The Issue Whether Respondent engaged in unlawful employment practices with regard to Petitioner.

Findings Of Fact Graham is a black male. He filed an employment application with Pier 1, a "chain retailer," on August 23, 1999. The application indicated that he applied for a position as a sales associate but in fact he was to be employed as a stockroom assistant. His employment application included a block denominated, "Work Availability." Graham completed this block indicating that he was available to work between 6:00 a.m., and 12 p.m., Monday through Saturday. The employment application stated in the block denominated, "Work Availability," the following: "Although an effort will be made to accommodate individual work schedule preferences and availability, work schedules such as start time, number of daily or weekly hours and assigned work days are subject to change at any time. Availability to work on weekends is required. Number of hours may vary based on business necessity and could change an individual's employment status." Graham was hired on August 30, 1999, as a full-time employee. He worked primarily in the back stockroom. A meeting of store personnel was scheduled at the store on Sunday, November 17, 1999, at 6:30 p.m. Graham was aware of the meeting. He was 20 minutes late because he was participating in a church service at Macedonia Primitive Baptist Church. As a result of his tardiness he was presented with an Associate Corrective Action Documentation, which is a confidential Pier 1 form. The form noted that this was his first "tardy." The form as completed took no action such as suspension or loss of pay.

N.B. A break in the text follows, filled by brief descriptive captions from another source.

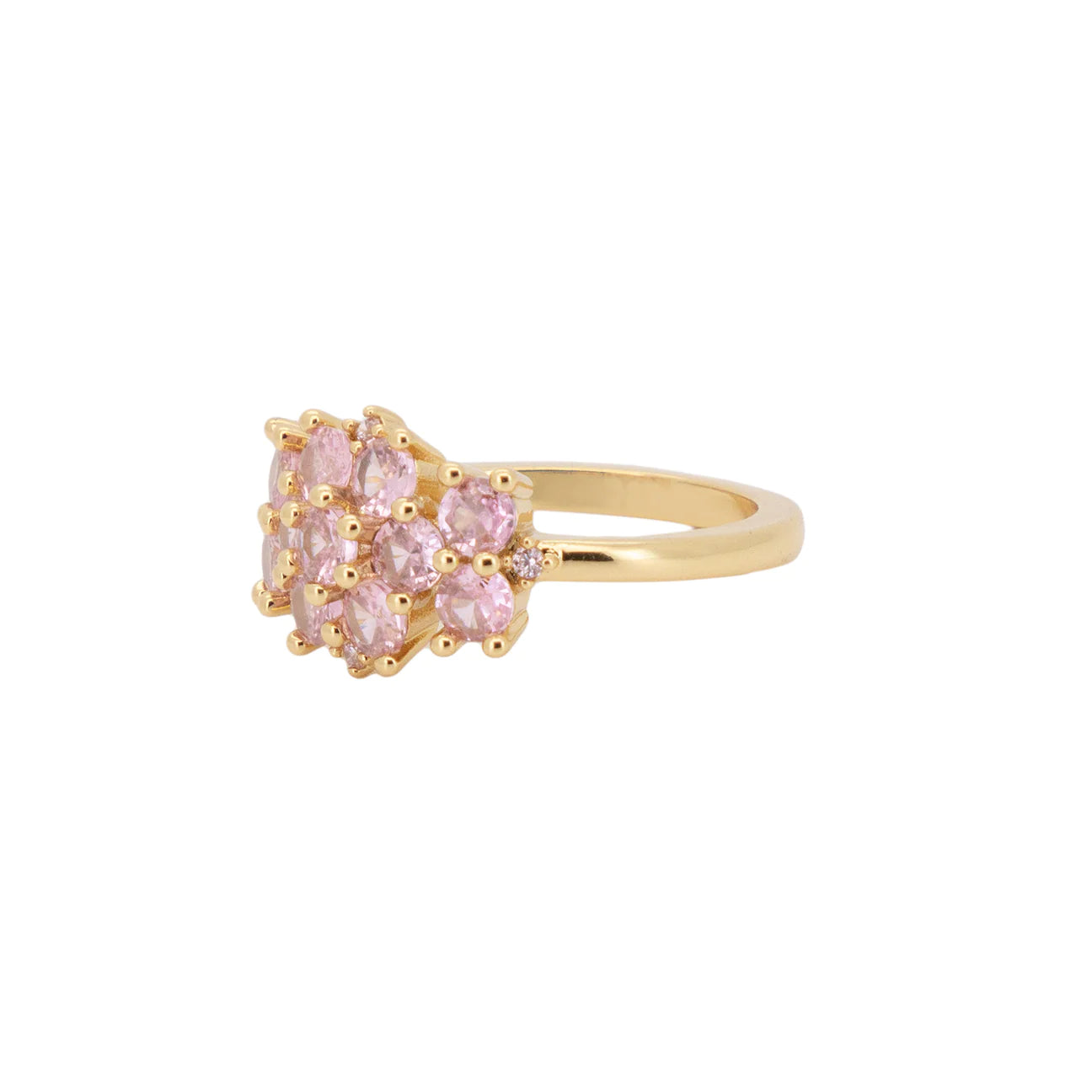a new day amsterdam ring mix pink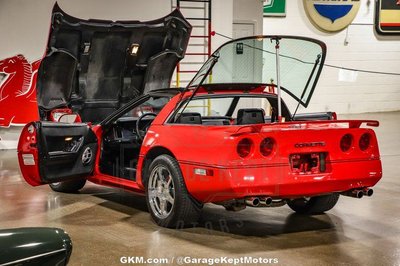 1985 Chevrolet Corvette  for sale $11,900 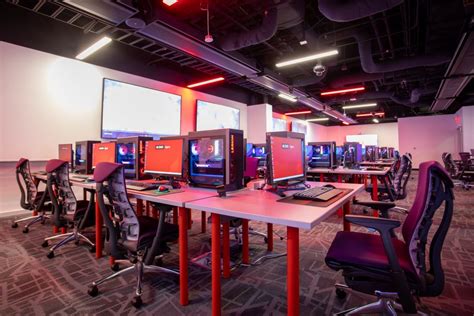 Nc State Gaming And Esports Lab James B Hunt Jr Library Nc State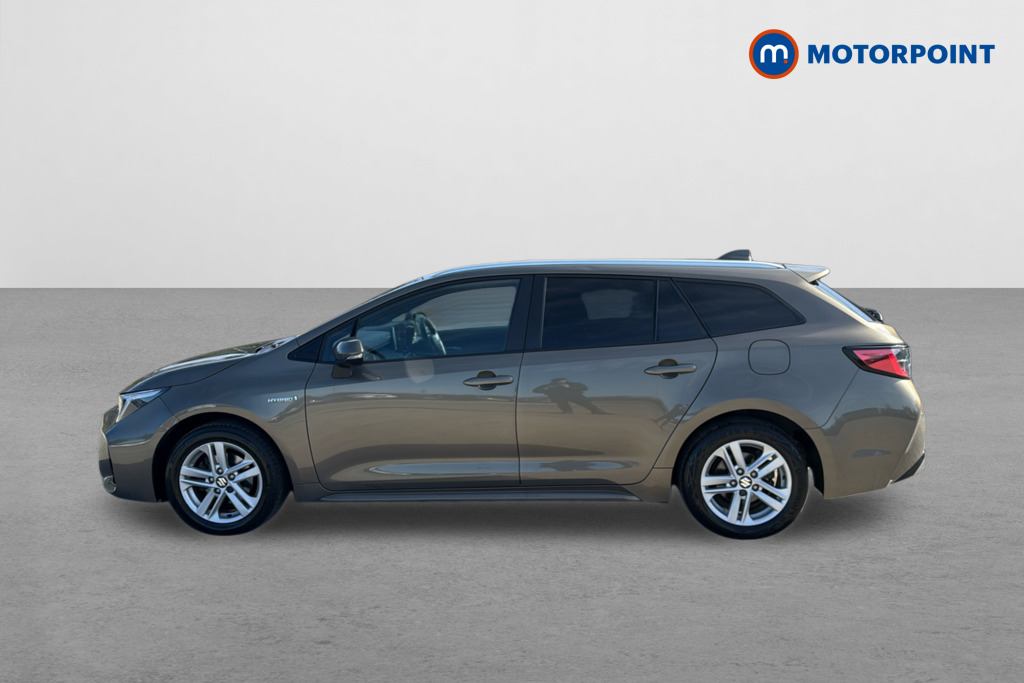 Suzuki Swace Ultra Automatic Petrol-Electric Hybrid Estate - Stock Number (1614767) - Passenger side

It merely informed him that further instances of tardiness could lead to disciplinary action. Graham testified that he was treated differently from a white woman employee, one Christy Musselwhite, who did not attend the meeting, because Musselwhite did not receive a counseling form. However, Graham's personal knowledge of Musselwhite's situation was insufficient to demonstrate that Musselwhite was treated differently from Graham because of race or gender. Graham felt humiliated because he received the Associate Corrective Action Documentation form. Graham resigned from Pier 1 effective November 12, 1999, so that he could begin employment with the Florida Department of Children and Family Services at a rate of pay in excess of that which he received at Pier 1.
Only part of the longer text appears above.